• **Your assignment**
Your copy should start at the line with "Página web para médicos: liviana, profesional" and end at the line with "#GFRIEND #YERIN https://t.co/gqSf7s2IxJ" in the data below. Transcribe only those lines, exactly, pictures excluded.

• **Data excerpts**
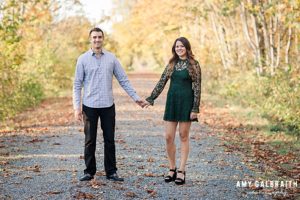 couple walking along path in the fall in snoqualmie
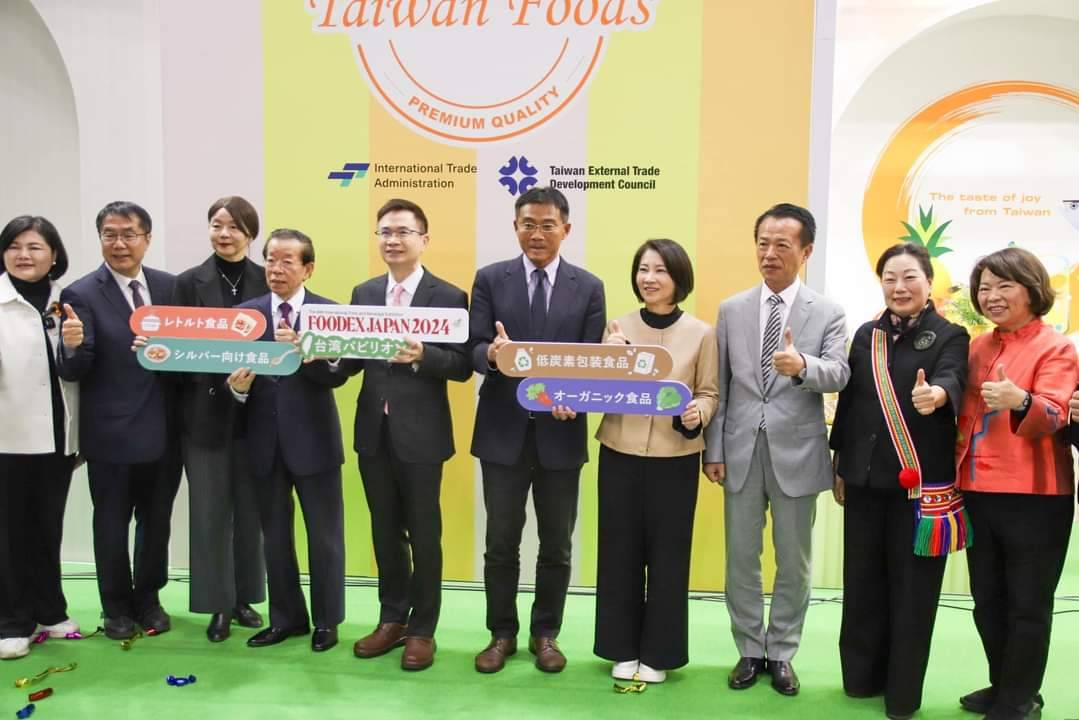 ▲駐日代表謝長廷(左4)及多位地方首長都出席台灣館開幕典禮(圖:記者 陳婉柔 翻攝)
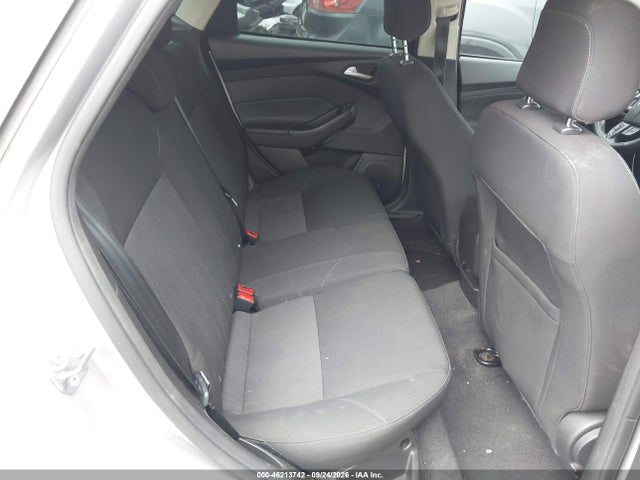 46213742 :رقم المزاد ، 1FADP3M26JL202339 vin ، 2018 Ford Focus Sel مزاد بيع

...

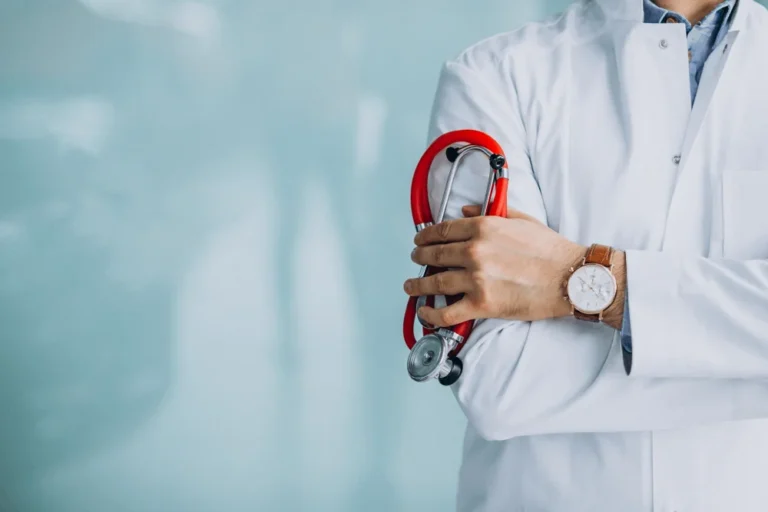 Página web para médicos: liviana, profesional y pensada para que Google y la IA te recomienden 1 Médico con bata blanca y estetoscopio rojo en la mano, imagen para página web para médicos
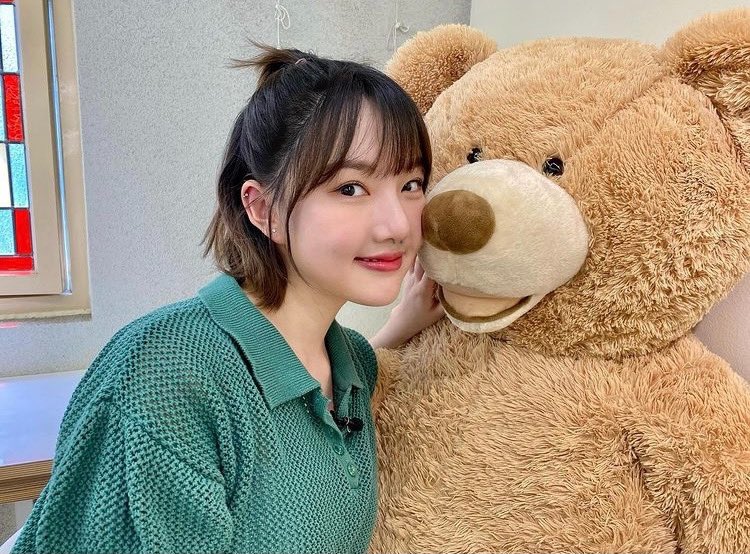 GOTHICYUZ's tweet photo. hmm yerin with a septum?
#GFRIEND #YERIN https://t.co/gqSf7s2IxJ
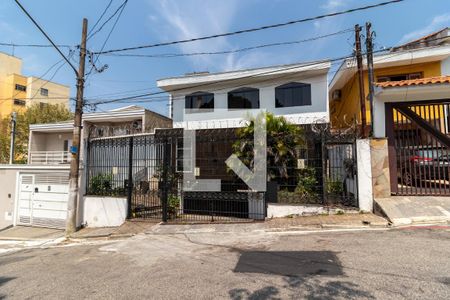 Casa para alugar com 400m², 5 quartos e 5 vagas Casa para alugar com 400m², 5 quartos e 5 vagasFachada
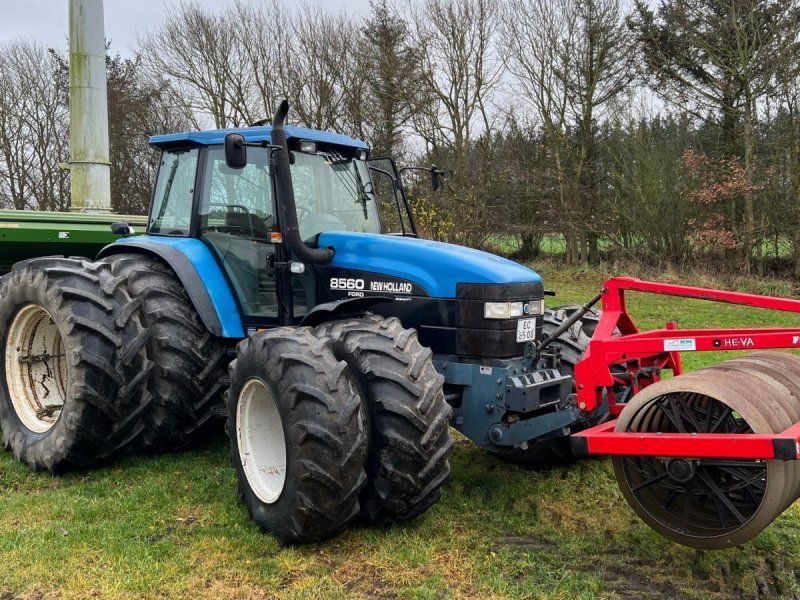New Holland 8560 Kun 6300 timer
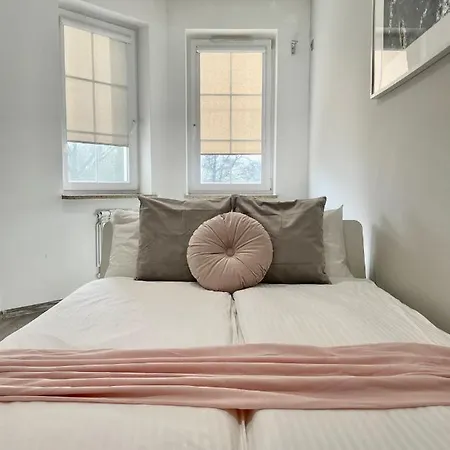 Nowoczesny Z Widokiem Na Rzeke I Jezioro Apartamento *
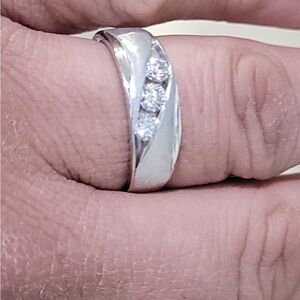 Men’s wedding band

...

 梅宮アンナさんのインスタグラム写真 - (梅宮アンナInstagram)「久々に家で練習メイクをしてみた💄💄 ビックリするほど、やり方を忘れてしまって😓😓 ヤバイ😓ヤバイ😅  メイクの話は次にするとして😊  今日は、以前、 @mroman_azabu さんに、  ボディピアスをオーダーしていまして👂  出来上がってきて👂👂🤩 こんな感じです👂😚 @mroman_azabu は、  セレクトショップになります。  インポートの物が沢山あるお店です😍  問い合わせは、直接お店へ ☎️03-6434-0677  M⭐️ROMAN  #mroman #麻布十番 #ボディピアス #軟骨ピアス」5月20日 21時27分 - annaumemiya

• **Answer to the exercise**
 Página web para médicos: liviana, profesional y pensada para que Google y la IA te recomienden 1 Médico con bata blanca y estetoscopio rojo en la mano, imagen para página web para médicos
 GOTHICYUZ's tweet photo. hmm yerin with a septum?
#GFRIEND #YERIN https://t.co/gqSf7s2IxJ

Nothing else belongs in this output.